- What you should do
Begin at the line that has "干细胞治疗糖尿病新突破，见证家庭温馨时刻的奇迹日", stop after the line that has "The cytomegalovirus Herpes", and print exactly those lines from the records below, without any pictures.

- Given data
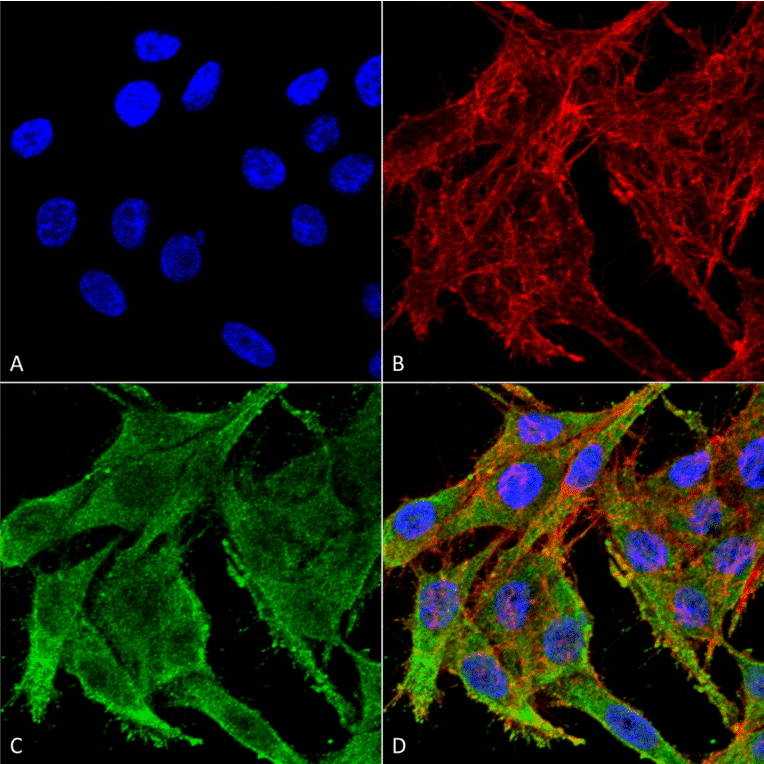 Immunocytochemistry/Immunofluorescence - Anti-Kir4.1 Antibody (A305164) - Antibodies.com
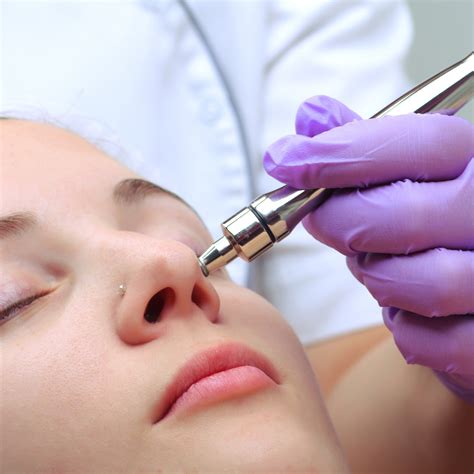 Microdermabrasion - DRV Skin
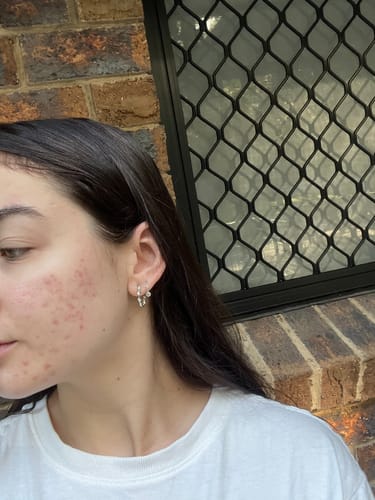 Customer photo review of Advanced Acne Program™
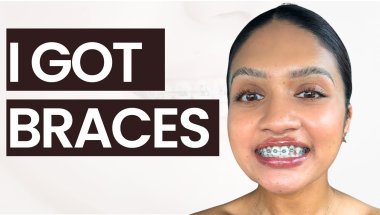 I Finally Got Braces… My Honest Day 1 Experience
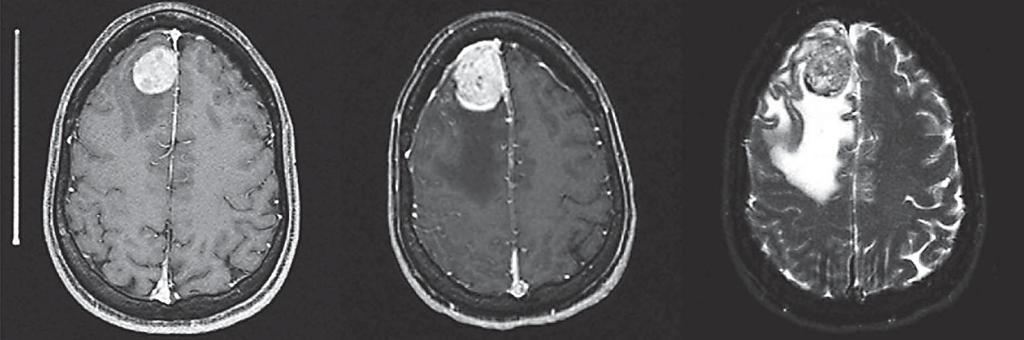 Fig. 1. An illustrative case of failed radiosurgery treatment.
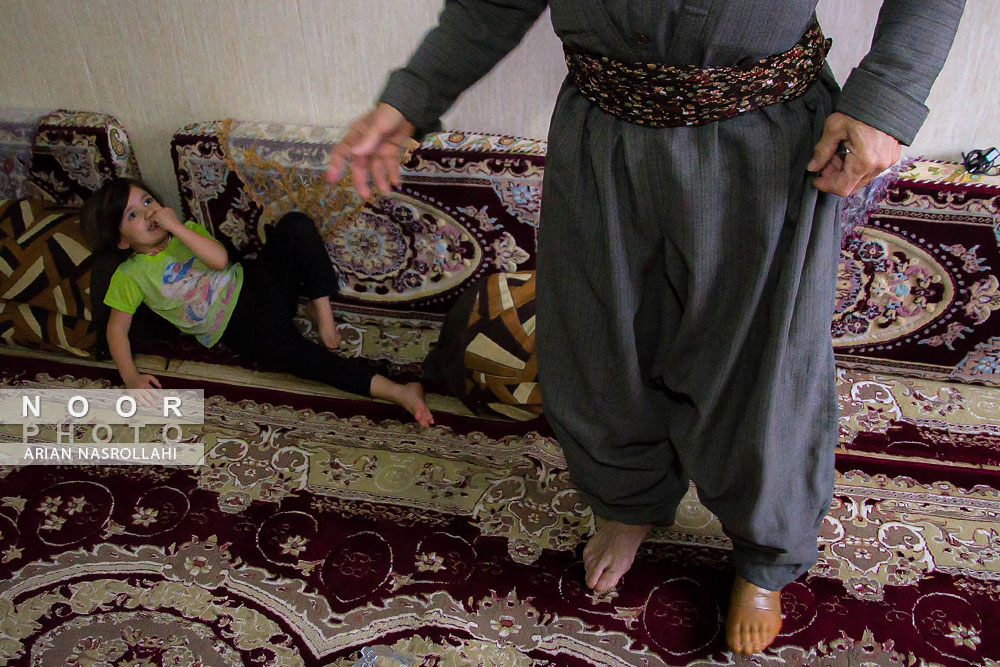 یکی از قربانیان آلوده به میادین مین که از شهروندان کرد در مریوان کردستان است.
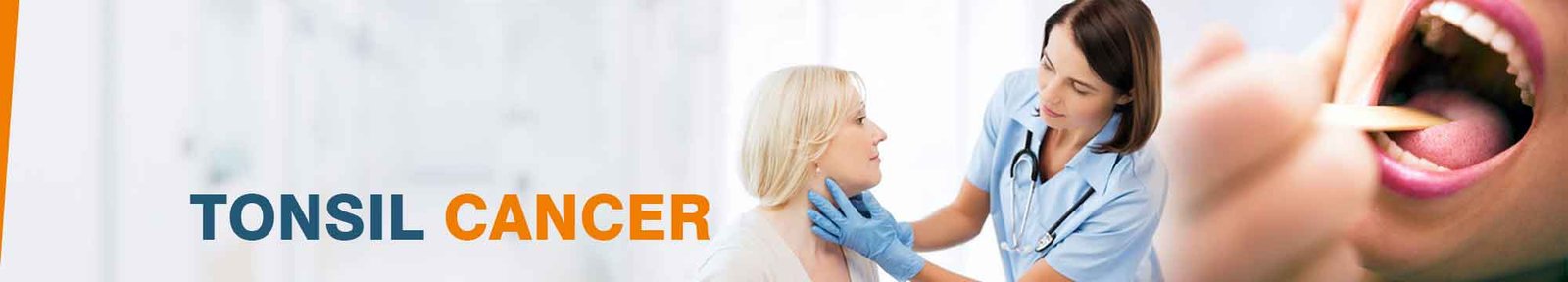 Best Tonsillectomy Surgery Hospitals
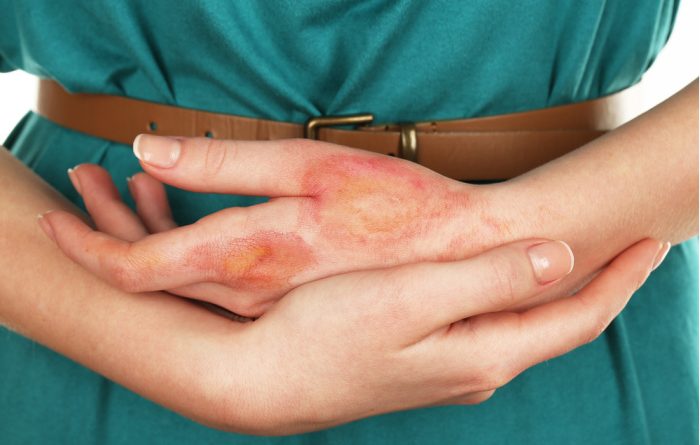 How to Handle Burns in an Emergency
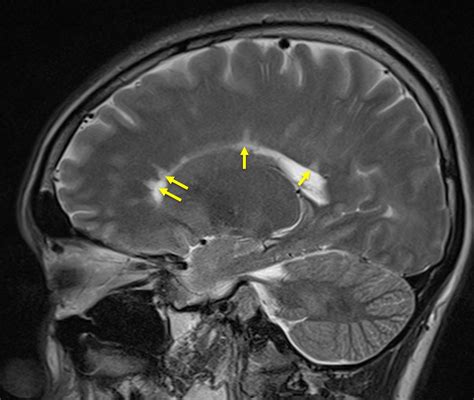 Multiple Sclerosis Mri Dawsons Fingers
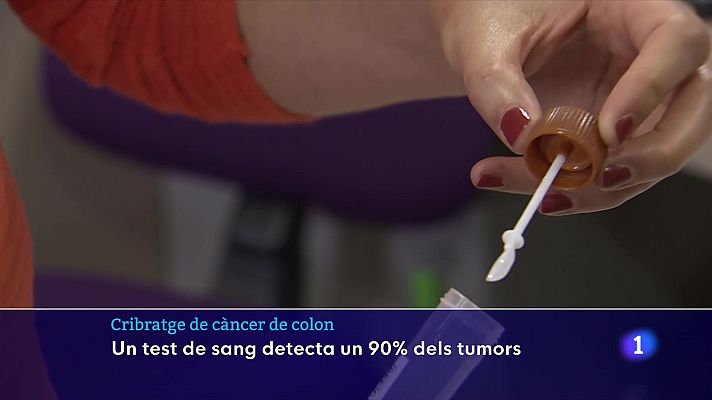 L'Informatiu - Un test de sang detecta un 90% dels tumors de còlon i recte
--
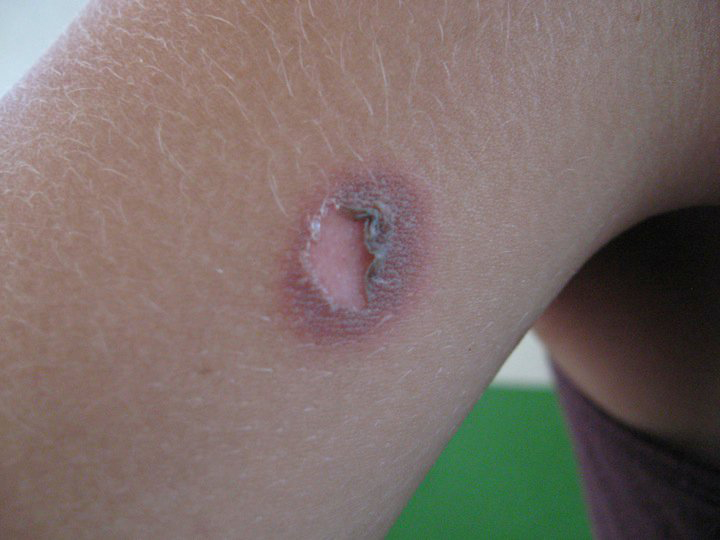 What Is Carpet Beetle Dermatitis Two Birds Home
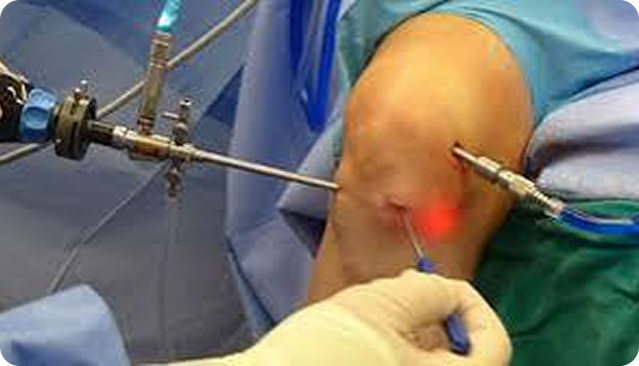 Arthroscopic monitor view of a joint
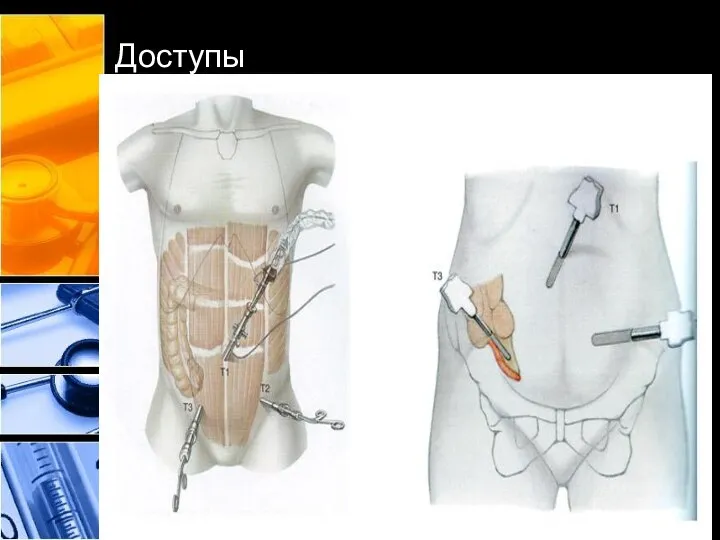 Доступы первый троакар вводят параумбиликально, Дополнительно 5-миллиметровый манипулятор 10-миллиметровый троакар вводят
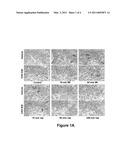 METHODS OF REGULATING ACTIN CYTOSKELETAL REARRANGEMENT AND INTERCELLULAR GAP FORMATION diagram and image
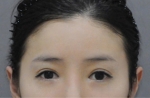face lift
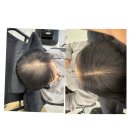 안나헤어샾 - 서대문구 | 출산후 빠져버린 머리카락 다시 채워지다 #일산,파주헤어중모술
* * *
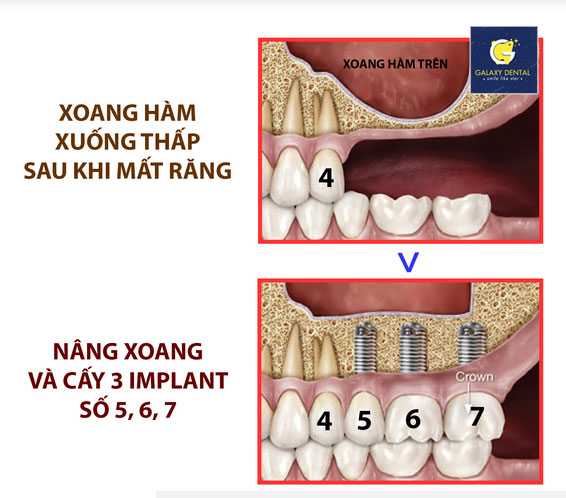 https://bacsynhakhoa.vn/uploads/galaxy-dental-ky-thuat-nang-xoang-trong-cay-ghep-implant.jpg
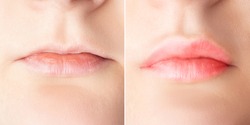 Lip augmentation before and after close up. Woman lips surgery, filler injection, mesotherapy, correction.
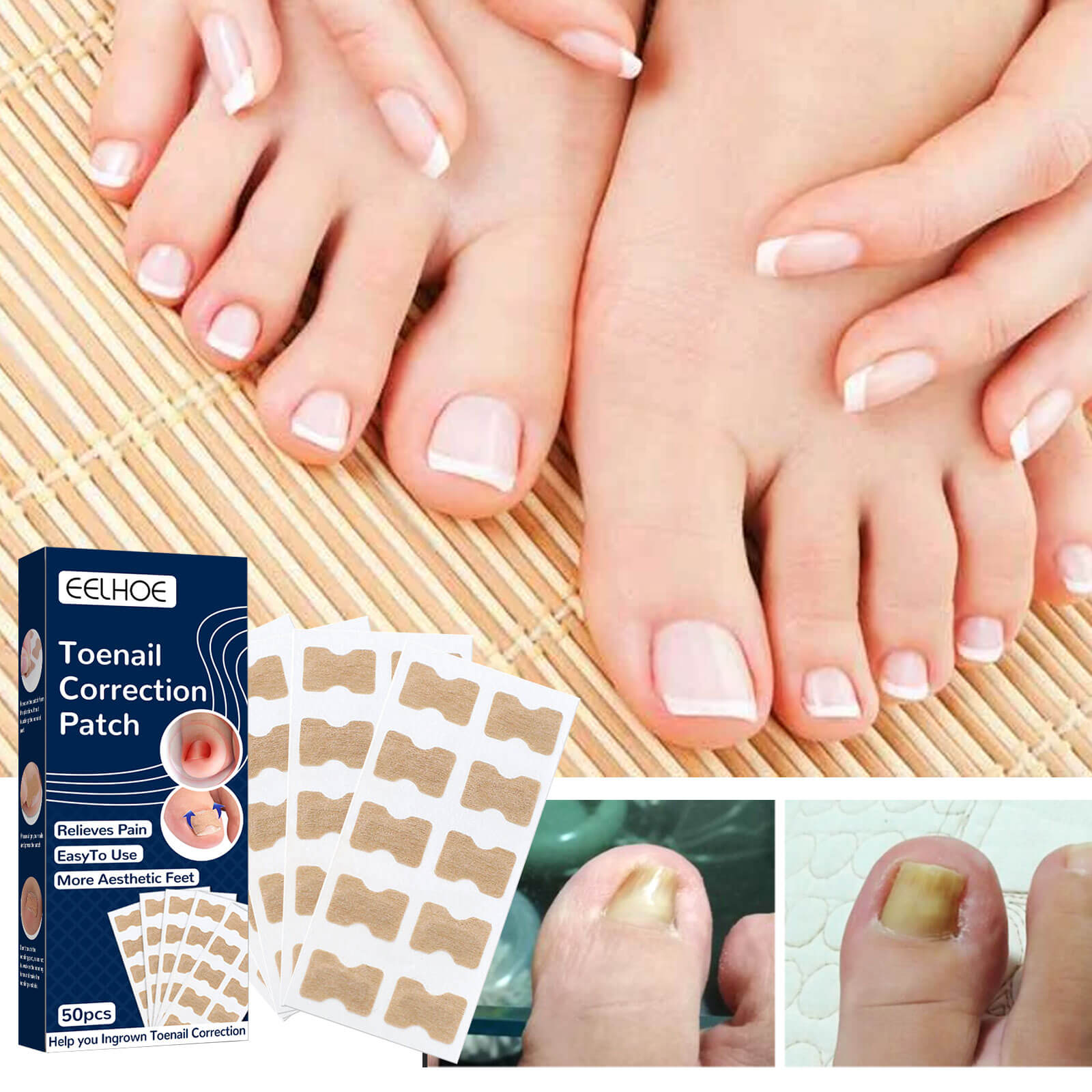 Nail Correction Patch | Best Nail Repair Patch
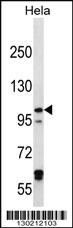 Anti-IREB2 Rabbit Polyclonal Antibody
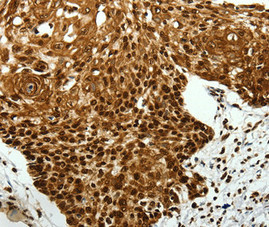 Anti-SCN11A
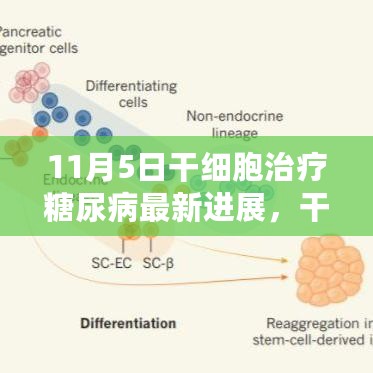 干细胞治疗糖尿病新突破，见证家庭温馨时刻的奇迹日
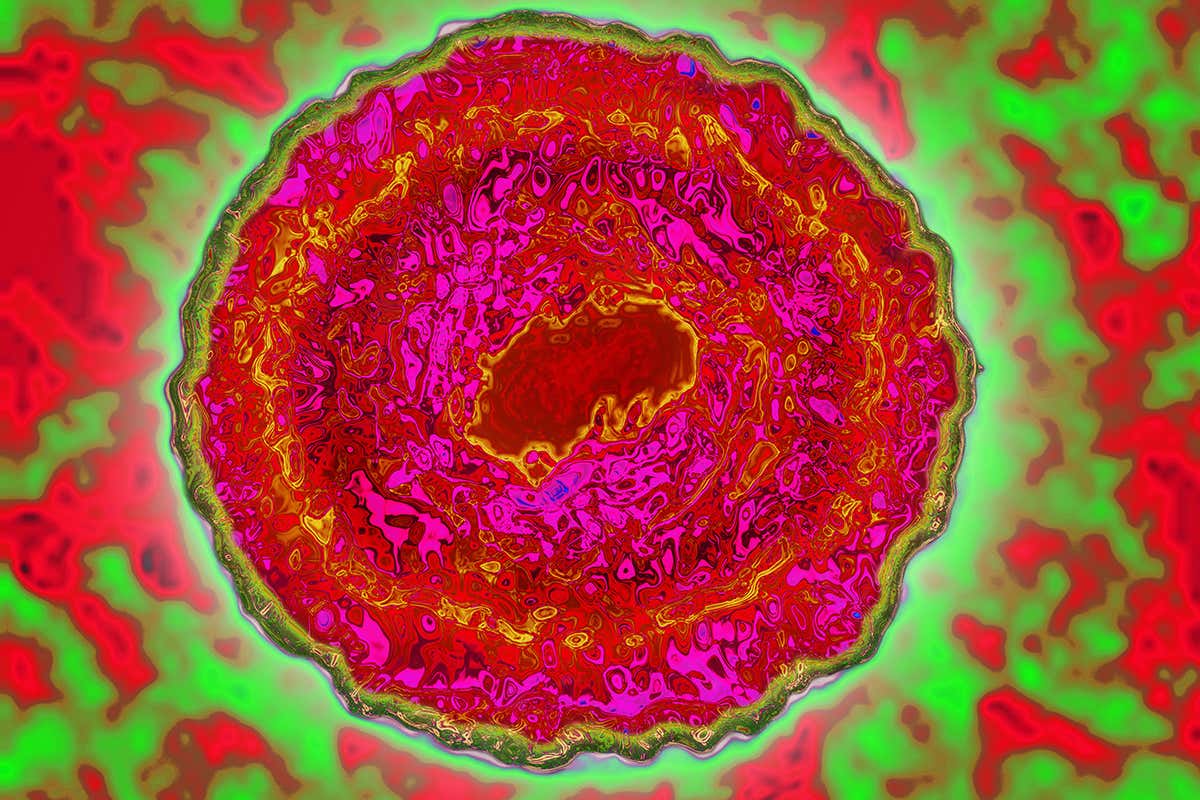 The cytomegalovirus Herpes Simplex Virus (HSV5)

- Exercise response
 干细胞治疗糖尿病新突破，见证家庭温馨时刻的奇迹日
 The cytomegalovirus Herpes Simplex Virus (HSV5)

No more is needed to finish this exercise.